Eventually, however, Jerold fell in love with Elliot Wells, a fellow lawyer who was working with Jerold's firm on an environmental lawsuit. When Sela found out, she tried to pay Wells to get out of Jerold's life, but he refused. She forced Jerold to fire Wells, but that only made things worse; Wells threatened to sue Jerold for wrongful termination and make their affair a matter of public record. Not knowing what else to do, Jerold told Sela about his relationship with Wells and said that he was going to come out of the closet.
Humiliated by Jerold's betrayal and frightened of losing her social status if it became known that her husband was gay, Sela went to Elliot's apartment with a gun and shot him dead. Jerold arrived at the apartment moments later, and helped Sela dispose of evidence that would have incriminated her, including the gun and her dress stained with Wells' blood.
"Deceit"[]
During the investigation into Wells' murder, NYPD Homicide Detectives Lennie Briscoe and Rey Curtis arrest Jerold after finding out that he and Wells were lovers, discovering Wells' blood in his apartment, and getting Wells' ex-boyfriend Tony Conneca to implicate him by pretending to blackmail him. Sela pays for Jerold's bail and a high-priced lawyer who manages to get the charges against him dismissed.
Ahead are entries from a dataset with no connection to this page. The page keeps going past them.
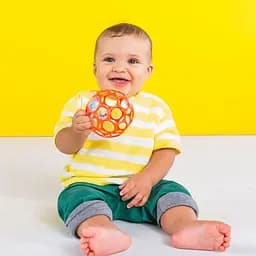 Іграшка-брязкальце Bright Starts Oball Rattle червона (11487) - мініатюра 2
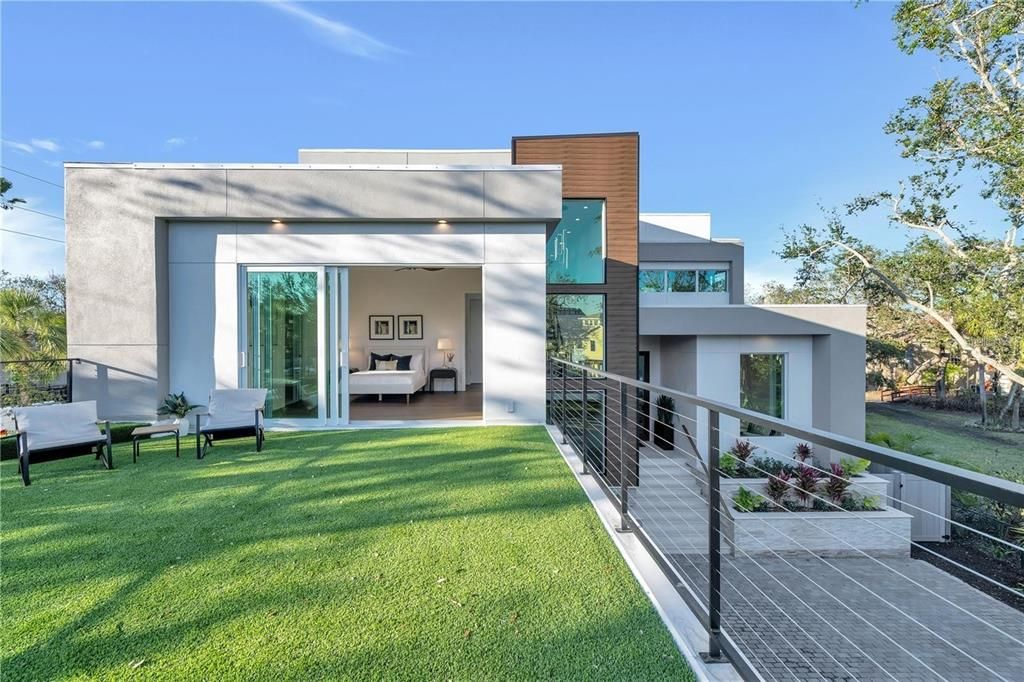 For Sale: $3,690,000 (4 beds, 4 baths, 3996 Square Feet)
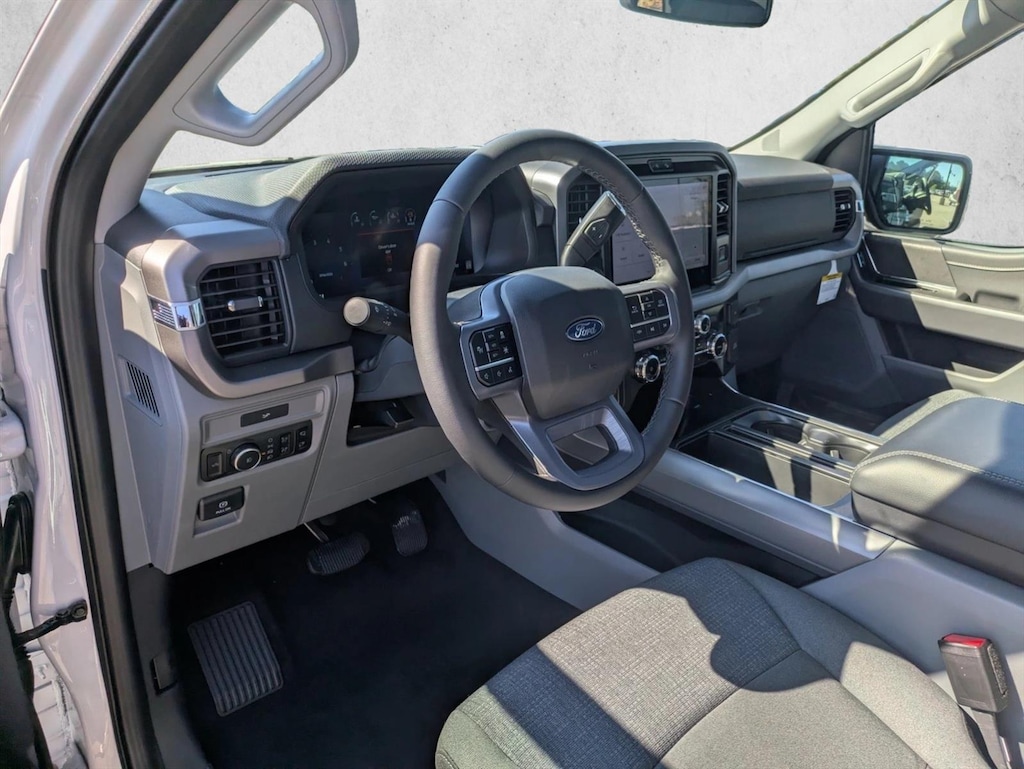 New 2026 Ford F-150 XLT Truck SuperCrew Cab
Executive Assistant District Attorney Jack McCoy and Assistant District Attorney Claire Kincaid find out about Jerold's reputation for sexually harassing women, as well as the hush money Sela paid his victims. They question Sela, who seems more concerned about Jerold being outed than his being accused of murder. When the Dixons' doorman tells them that Jerold and Sela left separately on the night of the murder, giving Jerold enough time to kill Wells, they have him arrested again and refile the murder charge against him. Sela threatens to sue the district attorney's office and ruin McCoy and Kincaid's careers.
Jerold takes and passes a polygraph test in which he admits to being Wells' lover but denies killing him. McCoy and Kincaid retrace both Jerold and Sela's movements during the night of the murder and discover that they were both in Wells' apartment at the time of his murder, with Sela having gotten there first; they then realize that Sela killed Wells, and Jerold is covering for her.
McCoy and Kincaid meet with Sela and tell her that Jerold is covering for "the real murderer" and that they need to examine the dress she was seen wearing the night of the murder; she nervously replies that it is being dry-cleaned. McCoy then meets with Jerold and threatens to charge him as an accessory to murder unless he testifies against his wife. Jerold reluctantly tells a grand jury what Sela did, which results in Sela being indicted. Briscoe, Curtis, and Kincaid go to the Dixons' house to arrest Sela, whom they find sitting by Jerold's corpse, having stabbed him to death. Sela is then found guilty of both murders and imprisoned for life.